Deep learning uses neural networks with many layers and large datasets—often on GPUs. It powers modern vision, speech, and language systems, including foundation models behind generative AI.
What changed in the 2010s
- ImageNet-scale labeled images
- GPU training made large batches feasible
- Architectures: CNNs for images, Transformers for sequences
- Transfer learning—fine-tune pretrained weights
CNN vs Transformer (high level)
| Architecture | Strength |
|---|---|
| CNN | Local patterns in images/video |
| RNN/LSTM (legacy) | Sequential data before Transformers dominated |
| Transformer | Parallel attention over tokens—LLMs, vision transformers |
Practical takeaway
Most product teams use pretrained models (API or open weights) rather than training billion-parameter models in-house. Literacy means knowing when fine-tuning, RAG, or prompting suffices.
Important interview questions and answers
- Q: Transfer learning?
A: Start from weights trained on large dataset; adapt last layers to your task with less data. - Q: Transformer key idea?
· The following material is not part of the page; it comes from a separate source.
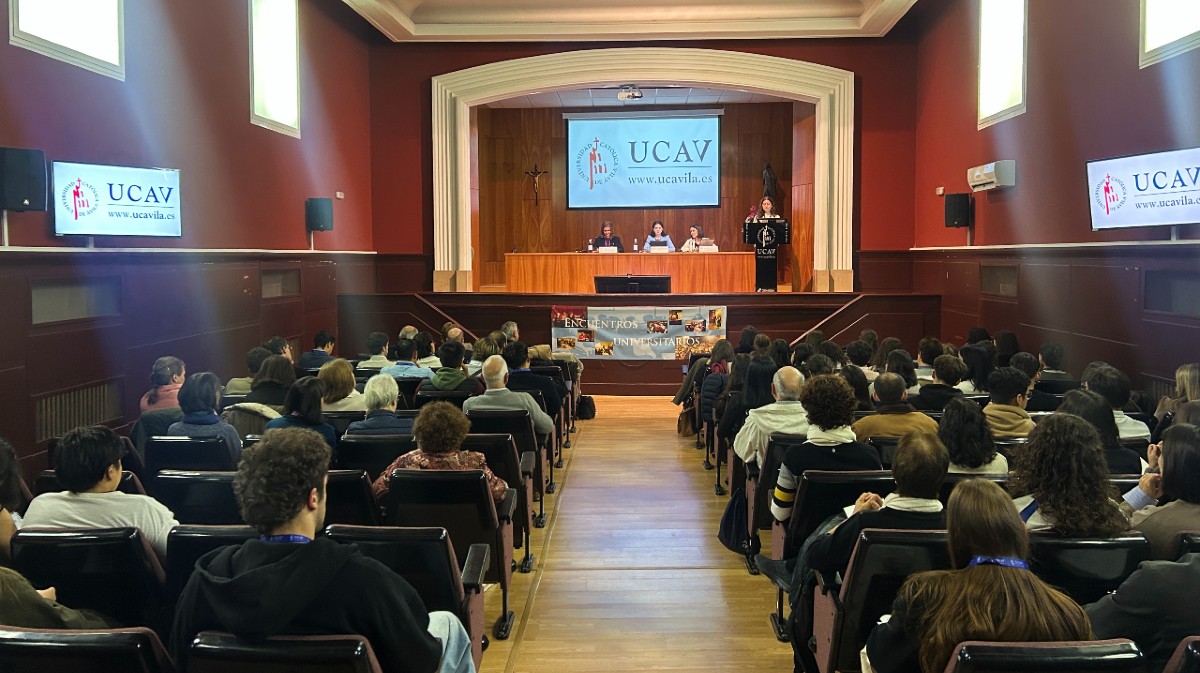 Encuentro de Universitarios en la UCAV.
A: Self-attention lets each token weigh relevance of other tokens in context.
Self-check
- Name one architecture for images and one for language.
- Why do teams use pretrained models?
Tip: Default to pretrained models; training huge nets in-house is rarely step one.
Interview prep
- Transfer learning?
- Fine-tune pretrained weights instead of training huge models from scratch.
- Transformer strength?
- Self-attention over tokens—foundation of modern LLMs.